Every entry must reappear in your answer exactly as written, though its pictures must not.

▶ _THE RECORDS_:
=== Section Start ===
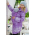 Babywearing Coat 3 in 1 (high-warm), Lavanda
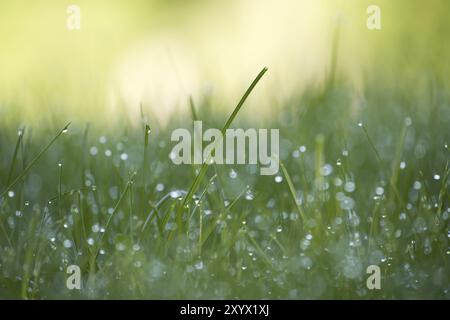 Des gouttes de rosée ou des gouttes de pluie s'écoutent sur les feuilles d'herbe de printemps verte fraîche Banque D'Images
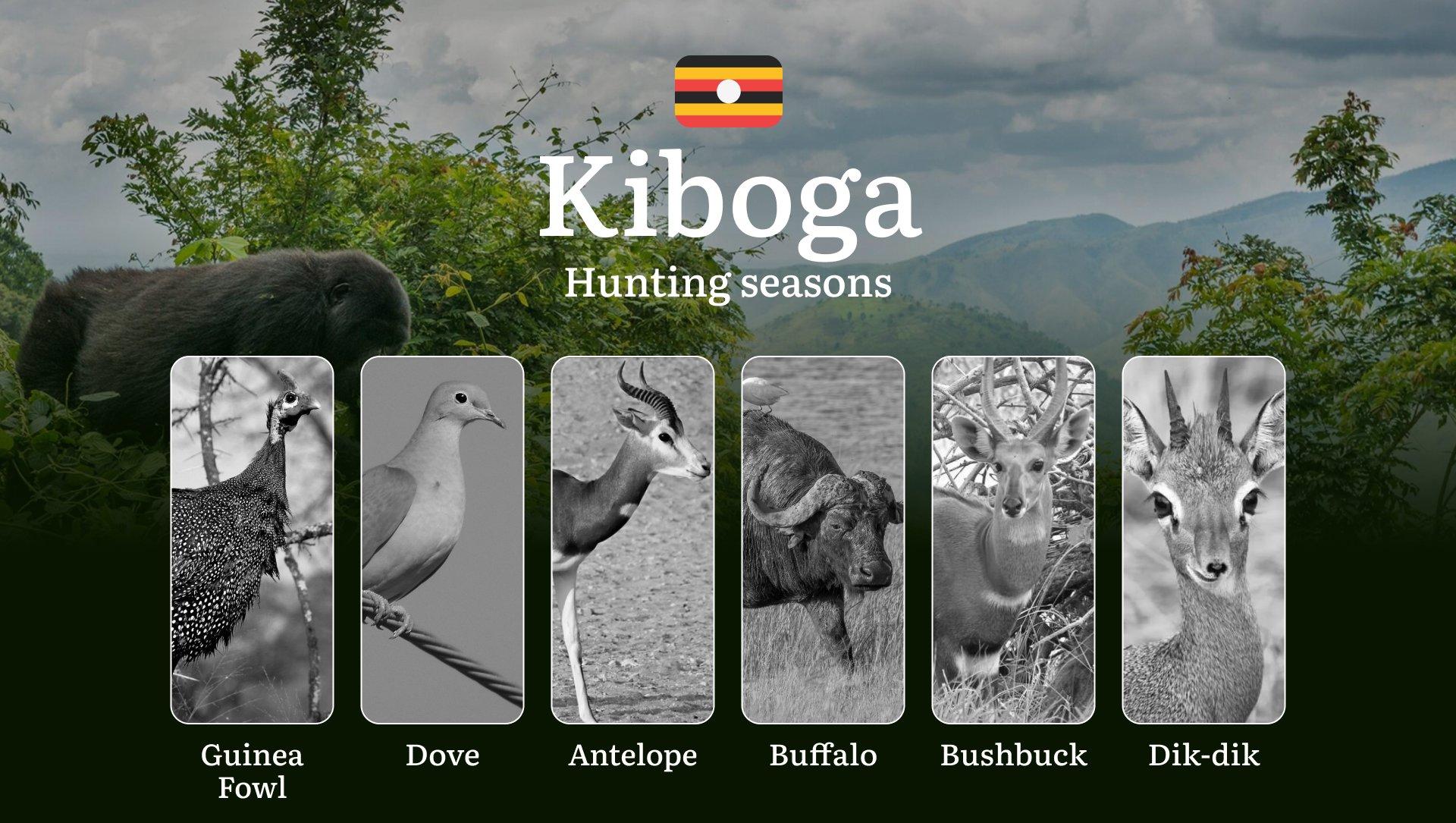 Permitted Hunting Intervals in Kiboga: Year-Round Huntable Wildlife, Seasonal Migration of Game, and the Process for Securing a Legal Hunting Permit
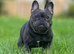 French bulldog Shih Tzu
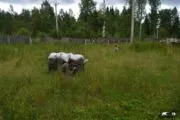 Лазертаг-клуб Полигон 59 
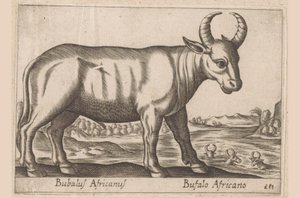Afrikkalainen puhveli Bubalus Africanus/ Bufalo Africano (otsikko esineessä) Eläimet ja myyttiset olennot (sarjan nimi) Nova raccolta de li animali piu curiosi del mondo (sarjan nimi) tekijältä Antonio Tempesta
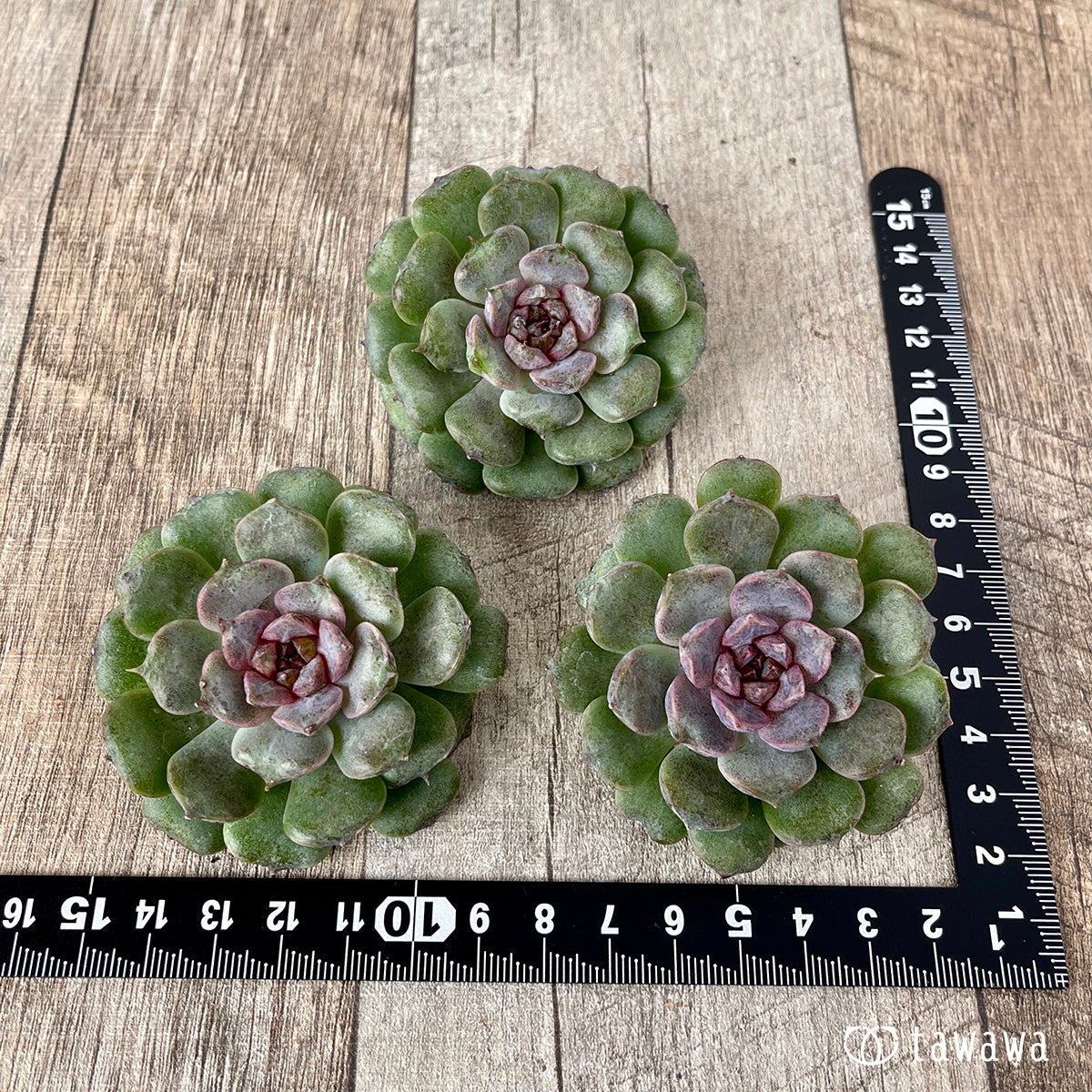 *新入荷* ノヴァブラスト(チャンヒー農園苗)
=== Section End ===
▶ _SOLUTION TO THE PROBLEM_:
 Babywearing Coat 3 in 1 (high-warm), Lavanda
 Des gouttes de rosée ou des gouttes de pluie s'écoutent sur les feuilles d'herbe de printemps verte fraîche Banque D'Images
 Permitted Hunting Intervals in Kiboga: Year-Round Huntable Wildlife, Seasonal Migration of Game, and the Process for Securing a Legal Hunting Permit
 French bulldog Shih Tzu
 Лазертаг-клуб Полигон 59 
Afrikkalainen puhveli Bubalus Africanus/ Bufalo Africano (otsikko esineessä) Eläimet ja myyttiset olennot (sarjan nimi) Nova raccolta de li animali piu curiosi del mondo (sarjan nimi) tekijältä Antonio Tempesta
 *新入荷* ノヴァブラスト(チャンヒー農園苗)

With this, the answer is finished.